I will leave it to the hon. Gentleman to provide his own definition of the word “huge.” He will have read chapter 4 of “The single-tier pension: a simple foundation for saving”, published by the Department for Work and Pensions, which clearly says that under the current system, the number of people reaching state pension age after 2016 who will be eligible for means-tested benefits for pensioners will fall to 16%, and that the figure will fall to 11% by 2060. Under the single tier, eligibility for means-tested benefits will fall by 7.5%. The hon. Gentleman will also have read, as I have, Age UK’s evidence, which states, strikingly, that the great bulk of that change results from the elimination of savings credit, rather than from any increase in generosity. If we put savings credit to one side, we will see that the change in the percentage of pensioners eligible for means-tested benefit is just 1% or 2%. If he chooses to define that as huge, that is his right.
I want to flag concerns in three further areas and I hope this will provide us with material for debate and amendments—some probing and some to be voted on —in Committee.
I had not meant to intervene, but the right hon. Gentleman has spent the first part of his speech extolling the virtues of what Labour did, and there has been a little bit of to and fro about that. Does he relate to what Ros Altmann said about the ending of the dividend tax credit and does Labour now accept that it made a major error? Ros Altmann was an adviser to the previous Prime Minister, Mr Blair, and she said that Labour “destroyed our pensions system”. Does the right hon. Gentleman regret that attack on the defined benefit system?
We were ambitious and wanted to focus our resources on tackling pensioner poverty. I am reluctant to take too many lessons from the Secretary of State. The 1986 cap introduced by Lord Lawson led to a huge drop in contributions to occupational schemes. In fact, the pensions Minister himself said:
“Pensioners have long memories. They remember the Conservatives’ record on pensions…That record is one of not believing in the state pension, of eroding the basic state pension…of attacking SERPS—the state earnings-related pension scheme—and of slashing entitlements.”—[Official Report, 6 November 2000; Vol. 356, c. 34.]

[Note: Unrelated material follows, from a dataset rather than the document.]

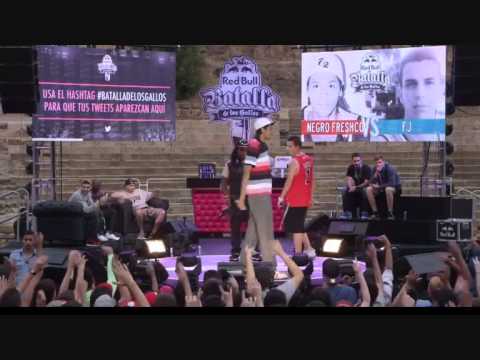 Negro Freshco vs FJ (Octavos) - Batalla de los Gallos 2014 - Málaga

I am afraid, therefore, that I am reluctant to take lessons from the Secretary of State on the inheritance that he has been bequeathed. As I have said, the foundation was strong and that is why we are urging him to be a touch more radical. I think that, in his heart, the Secretary of State will share many of my concerns. I know that he has been trapped in difficult negotiations with the Chancellor and I have no doubt that he would otherwise have gone further than he has in the Bill.
My first question is about universalism. Every generation has to strike the right balance between universalism and targeted benefits. That was true of the post-war Government and it is true of this Government. The Opposition believe that there needs to be a different balance between universal and targeted benefits for older people in the future. We find ourselves in agreement on that not just with the pensions Minister in this morning’s Financial Times, but with the Deputy Prime Minister and possibly even the Secretary of State, although he will keep his own counsel.

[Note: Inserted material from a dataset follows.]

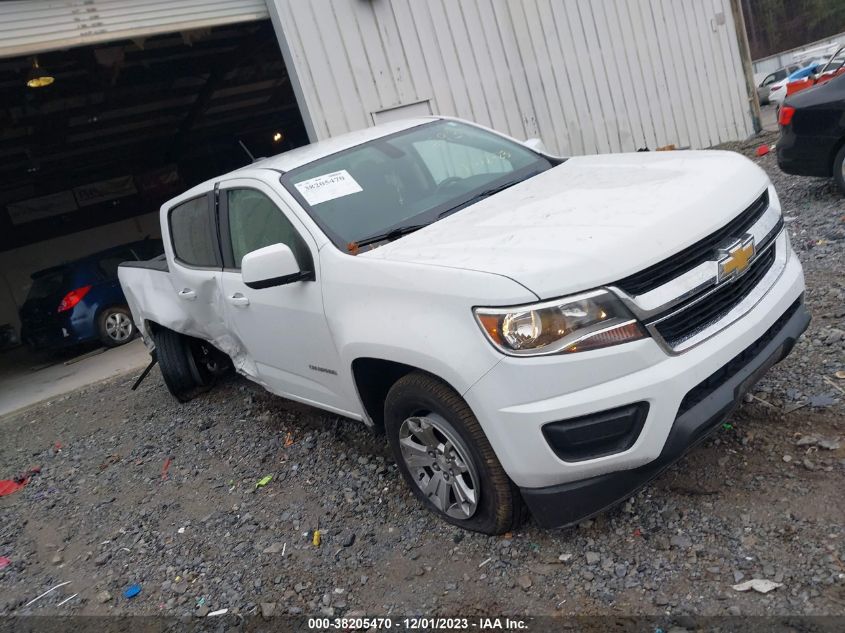 Lot #2541528281 2020 CHEVROLET COLORADO 2WD  SHORT BOX LT salvage car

Our biggest problem with the Bill is that if the flat-rate pension is so virtuous, its virtue should be enjoyed as widely as possible. It should be a universal pension, but it is not. In particular, we are very concerned about the 700,000 women who will reach the age of 65 in 2016 when the flat-rate pension starts but who, because they will have hit the state pension age of 63, will not enjoy the flat-rate pension, even though a man who was born on the same day will. There are many of those women in our constituencies. I know that this matter will be of concern to the Minister and the Secretary of State.
Will the right hon. Gentleman give way?
I will give way in a moment. I will just flag another issue that the pensions Minister might say a word about when he intervenes.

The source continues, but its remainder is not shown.